Study material:
· · · · ·
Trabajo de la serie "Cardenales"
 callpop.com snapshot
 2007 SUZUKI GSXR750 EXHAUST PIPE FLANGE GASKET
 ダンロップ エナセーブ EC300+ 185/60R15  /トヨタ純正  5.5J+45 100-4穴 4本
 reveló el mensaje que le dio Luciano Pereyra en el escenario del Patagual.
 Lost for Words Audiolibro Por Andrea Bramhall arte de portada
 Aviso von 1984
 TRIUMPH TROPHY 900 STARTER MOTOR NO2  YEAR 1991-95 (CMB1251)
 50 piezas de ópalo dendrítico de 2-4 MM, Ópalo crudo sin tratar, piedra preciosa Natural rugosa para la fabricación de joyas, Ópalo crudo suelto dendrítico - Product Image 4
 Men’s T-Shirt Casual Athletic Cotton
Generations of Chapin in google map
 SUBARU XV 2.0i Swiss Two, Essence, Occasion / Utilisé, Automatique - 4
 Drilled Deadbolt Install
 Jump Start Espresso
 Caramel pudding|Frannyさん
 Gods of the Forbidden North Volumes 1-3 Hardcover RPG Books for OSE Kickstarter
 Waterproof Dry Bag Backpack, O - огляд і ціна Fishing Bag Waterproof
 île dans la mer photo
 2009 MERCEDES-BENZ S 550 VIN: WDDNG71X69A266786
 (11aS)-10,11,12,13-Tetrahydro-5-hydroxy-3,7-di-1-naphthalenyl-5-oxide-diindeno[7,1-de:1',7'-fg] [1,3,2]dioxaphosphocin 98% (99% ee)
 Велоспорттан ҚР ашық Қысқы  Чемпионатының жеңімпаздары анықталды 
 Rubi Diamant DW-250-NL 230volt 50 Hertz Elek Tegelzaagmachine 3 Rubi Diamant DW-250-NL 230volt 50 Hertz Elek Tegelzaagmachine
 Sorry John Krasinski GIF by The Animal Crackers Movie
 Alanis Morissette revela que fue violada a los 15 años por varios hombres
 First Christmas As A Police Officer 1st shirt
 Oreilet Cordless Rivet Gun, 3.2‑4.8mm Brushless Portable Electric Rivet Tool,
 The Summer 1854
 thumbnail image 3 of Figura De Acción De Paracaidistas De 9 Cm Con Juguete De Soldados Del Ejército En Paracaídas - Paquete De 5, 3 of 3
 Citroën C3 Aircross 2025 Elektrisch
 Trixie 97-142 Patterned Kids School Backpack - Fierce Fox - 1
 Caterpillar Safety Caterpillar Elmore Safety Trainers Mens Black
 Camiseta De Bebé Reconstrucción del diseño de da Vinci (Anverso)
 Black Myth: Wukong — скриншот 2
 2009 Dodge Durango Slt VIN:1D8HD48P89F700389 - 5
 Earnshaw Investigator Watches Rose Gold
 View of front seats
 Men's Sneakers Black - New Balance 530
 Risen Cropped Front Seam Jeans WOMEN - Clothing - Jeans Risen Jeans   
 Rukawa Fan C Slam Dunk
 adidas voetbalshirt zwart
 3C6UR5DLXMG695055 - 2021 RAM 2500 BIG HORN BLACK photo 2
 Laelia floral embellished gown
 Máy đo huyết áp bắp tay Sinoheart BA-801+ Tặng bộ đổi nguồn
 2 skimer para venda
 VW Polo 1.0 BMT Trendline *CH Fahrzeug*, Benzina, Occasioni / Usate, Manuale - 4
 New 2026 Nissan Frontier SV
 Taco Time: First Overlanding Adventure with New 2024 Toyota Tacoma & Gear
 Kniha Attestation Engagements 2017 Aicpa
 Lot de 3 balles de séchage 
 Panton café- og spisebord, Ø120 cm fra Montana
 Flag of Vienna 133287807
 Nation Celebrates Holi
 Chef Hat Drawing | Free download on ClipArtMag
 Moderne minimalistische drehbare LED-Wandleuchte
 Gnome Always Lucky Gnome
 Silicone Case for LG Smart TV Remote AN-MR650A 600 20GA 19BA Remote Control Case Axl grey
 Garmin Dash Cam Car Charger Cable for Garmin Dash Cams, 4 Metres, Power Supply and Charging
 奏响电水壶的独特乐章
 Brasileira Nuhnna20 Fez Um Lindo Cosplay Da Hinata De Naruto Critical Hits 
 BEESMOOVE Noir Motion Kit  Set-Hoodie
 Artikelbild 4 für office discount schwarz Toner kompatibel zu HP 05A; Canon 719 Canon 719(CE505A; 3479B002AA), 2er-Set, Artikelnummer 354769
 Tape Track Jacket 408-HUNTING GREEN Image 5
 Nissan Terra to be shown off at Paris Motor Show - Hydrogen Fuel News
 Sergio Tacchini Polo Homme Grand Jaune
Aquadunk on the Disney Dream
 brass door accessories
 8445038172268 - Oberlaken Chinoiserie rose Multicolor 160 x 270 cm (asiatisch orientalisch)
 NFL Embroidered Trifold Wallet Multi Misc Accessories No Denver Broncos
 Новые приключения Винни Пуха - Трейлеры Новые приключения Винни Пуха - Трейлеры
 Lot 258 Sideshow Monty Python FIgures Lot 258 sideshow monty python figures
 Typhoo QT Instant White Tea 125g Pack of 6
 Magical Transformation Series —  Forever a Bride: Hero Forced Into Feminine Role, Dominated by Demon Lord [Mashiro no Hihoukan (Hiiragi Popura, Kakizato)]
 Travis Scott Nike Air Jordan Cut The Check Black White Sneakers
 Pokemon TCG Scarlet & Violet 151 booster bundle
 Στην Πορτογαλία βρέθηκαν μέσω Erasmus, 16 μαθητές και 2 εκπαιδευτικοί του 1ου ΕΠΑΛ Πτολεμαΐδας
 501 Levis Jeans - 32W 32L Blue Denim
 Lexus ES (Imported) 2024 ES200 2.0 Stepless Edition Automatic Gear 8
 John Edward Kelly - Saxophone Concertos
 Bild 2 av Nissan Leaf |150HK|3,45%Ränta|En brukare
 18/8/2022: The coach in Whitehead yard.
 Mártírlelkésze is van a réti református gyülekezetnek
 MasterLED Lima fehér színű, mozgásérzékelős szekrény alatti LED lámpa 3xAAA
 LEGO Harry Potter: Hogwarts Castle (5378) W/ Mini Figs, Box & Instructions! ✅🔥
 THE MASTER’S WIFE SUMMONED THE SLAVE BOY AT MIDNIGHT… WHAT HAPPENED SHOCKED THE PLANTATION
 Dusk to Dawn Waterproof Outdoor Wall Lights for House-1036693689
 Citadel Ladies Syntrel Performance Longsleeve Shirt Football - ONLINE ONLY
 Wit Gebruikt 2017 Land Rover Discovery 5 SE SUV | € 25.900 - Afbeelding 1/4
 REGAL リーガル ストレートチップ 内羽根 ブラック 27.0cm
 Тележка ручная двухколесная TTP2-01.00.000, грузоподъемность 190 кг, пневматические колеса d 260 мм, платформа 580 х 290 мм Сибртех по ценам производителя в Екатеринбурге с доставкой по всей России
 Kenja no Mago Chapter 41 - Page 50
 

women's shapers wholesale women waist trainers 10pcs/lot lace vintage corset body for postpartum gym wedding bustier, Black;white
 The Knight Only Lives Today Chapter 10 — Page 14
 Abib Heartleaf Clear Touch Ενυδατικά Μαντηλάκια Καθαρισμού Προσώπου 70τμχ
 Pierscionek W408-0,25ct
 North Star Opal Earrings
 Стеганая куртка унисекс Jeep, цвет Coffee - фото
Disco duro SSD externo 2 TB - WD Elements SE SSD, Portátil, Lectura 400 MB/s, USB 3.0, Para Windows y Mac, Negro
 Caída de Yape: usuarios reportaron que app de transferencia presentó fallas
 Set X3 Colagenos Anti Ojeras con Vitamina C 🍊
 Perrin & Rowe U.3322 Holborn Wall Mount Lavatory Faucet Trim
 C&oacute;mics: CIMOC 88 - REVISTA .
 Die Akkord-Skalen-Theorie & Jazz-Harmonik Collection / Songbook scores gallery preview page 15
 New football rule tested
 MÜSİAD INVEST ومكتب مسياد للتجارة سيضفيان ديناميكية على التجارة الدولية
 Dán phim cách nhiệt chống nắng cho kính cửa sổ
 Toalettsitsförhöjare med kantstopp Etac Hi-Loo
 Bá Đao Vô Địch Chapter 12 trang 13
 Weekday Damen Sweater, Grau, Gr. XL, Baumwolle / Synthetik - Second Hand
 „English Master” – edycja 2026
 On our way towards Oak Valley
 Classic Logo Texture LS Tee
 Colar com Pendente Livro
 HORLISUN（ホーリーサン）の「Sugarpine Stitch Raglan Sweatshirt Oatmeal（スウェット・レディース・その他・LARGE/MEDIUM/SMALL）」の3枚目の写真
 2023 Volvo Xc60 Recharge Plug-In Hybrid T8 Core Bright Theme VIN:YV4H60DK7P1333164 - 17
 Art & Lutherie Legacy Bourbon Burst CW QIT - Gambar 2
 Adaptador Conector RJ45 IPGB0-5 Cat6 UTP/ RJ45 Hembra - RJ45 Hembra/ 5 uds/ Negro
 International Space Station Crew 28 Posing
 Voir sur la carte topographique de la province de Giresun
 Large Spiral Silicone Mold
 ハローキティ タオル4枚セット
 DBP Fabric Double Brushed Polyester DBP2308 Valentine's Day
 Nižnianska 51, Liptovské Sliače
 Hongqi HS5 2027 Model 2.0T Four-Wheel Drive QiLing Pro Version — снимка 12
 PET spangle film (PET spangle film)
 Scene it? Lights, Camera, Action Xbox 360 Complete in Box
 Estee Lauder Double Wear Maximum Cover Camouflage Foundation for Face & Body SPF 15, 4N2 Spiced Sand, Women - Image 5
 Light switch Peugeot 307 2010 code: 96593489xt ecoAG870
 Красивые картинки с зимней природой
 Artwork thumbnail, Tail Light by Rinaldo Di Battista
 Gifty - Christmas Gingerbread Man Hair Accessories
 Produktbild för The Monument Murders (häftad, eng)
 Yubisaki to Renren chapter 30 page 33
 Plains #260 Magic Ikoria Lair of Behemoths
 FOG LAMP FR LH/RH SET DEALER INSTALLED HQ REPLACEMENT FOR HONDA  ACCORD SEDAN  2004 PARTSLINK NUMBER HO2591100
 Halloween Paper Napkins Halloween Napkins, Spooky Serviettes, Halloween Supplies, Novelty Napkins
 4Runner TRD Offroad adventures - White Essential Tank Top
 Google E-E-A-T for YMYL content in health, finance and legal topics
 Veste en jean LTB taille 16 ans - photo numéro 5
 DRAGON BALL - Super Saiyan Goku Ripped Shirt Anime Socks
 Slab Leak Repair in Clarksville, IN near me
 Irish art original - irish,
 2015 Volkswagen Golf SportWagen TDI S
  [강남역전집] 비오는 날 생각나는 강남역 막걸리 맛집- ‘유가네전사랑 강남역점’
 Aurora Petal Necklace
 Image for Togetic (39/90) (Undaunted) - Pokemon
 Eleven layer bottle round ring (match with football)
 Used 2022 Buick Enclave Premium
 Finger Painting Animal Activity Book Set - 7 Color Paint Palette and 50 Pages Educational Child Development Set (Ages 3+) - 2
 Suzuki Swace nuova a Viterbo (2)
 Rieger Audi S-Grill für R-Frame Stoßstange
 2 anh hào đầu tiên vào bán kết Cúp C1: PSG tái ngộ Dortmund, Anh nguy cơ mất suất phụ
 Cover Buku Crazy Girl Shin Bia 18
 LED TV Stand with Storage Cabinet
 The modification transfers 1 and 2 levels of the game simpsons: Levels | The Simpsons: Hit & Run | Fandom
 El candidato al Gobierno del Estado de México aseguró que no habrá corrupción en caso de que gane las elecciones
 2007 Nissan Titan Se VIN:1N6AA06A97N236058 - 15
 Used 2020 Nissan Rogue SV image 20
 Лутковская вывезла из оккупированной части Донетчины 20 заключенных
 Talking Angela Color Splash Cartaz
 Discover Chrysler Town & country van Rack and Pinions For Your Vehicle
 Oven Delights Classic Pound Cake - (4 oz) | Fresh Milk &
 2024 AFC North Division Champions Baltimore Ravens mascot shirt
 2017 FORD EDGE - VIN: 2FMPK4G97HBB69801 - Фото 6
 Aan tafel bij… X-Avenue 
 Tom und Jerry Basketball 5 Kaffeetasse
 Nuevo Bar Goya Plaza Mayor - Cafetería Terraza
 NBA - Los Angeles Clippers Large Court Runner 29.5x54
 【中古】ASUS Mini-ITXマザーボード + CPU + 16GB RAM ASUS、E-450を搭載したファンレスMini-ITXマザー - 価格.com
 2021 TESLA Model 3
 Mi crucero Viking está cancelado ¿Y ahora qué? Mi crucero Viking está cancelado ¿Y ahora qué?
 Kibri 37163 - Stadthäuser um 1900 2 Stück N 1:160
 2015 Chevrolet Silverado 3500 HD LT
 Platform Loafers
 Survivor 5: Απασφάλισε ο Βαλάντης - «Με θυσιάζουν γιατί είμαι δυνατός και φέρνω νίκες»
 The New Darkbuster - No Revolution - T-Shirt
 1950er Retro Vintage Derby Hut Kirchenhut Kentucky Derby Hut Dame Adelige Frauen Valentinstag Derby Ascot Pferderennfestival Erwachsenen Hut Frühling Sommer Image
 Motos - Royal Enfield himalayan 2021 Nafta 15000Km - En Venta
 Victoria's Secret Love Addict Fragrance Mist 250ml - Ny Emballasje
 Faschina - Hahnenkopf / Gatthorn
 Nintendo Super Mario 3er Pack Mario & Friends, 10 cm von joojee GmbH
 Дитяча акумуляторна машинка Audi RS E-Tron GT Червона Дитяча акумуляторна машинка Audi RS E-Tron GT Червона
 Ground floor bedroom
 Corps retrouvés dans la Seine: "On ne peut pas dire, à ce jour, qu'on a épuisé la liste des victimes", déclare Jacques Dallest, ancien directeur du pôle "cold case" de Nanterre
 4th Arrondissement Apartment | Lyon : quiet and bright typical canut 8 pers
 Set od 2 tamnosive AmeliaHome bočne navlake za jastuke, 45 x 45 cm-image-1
· · · · ·
Exercise prompt: Going back to the entries above, set down exactly the lines that begin at the one with "SUBARU XV 2.0i" and end at the one with "2009 Dodge Durango", both included, and nothing else.

Reply:
 SUBARU XV 2.0i Swiss Two, Essence, Occasion / Utilisé, Automatique - 4
 Drilled Deadbolt Install
 Jump Start Espresso
 Caramel pudding|Frannyさん
 Gods of the Forbidden North Volumes 1-3 Hardcover RPG Books for OSE Kickstarter
 Waterproof Dry Bag Backpack, O - огляд і ціна Fishing Bag Waterproof
 île dans la mer photo
 2009 MERCEDES-BENZ S 550 VIN: WDDNG71X69A266786
 (11aS)-10,11,12,13-Tetrahydro-5-hydroxy-3,7-di-1-naphthalenyl-5-oxide-diindeno[7,1-de:1',7'-fg] [1,3,2]dioxaphosphocin 98% (99% ee)
 Велоспорттан ҚР ашық Қысқы  Чемпионатының жеңімпаздары анықталды 
 Rubi Diamant DW-250-NL 230volt 50 Hertz Elek Tegelzaagmachine 3 Rubi Diamant DW-250-NL 230volt 50 Hertz Elek Tegelzaagmachine
 Sorry John Krasinski GIF by The Animal Crackers Movie
 Alanis Morissette revela que fue violada a los 15 años por varios hombres
 First Christmas As A Police Officer 1st shirt
 Oreilet Cordless Rivet Gun, 3.2‑4.8mm Brushless Portable Electric Rivet Tool,
 The Summer 1854
 thumbnail image 3 of Figura De Acción De Paracaidistas De 9 Cm Con Juguete De Soldados Del Ejército En Paracaídas - Paquete De 5, 3 of 3
 Citroën C3 Aircross 2025 Elektrisch
 Trixie 97-142 Patterned Kids School Backpack - Fierce Fox - 1
 Caterpillar Safety Caterpillar Elmore Safety Trainers Mens Black
 Camiseta De Bebé Reconstrucción del diseño de da Vinci (Anverso)
 Black Myth: Wukong — скриншот 2
 2009 Dodge Durango Slt VIN:1D8HD48P89F700389 - 5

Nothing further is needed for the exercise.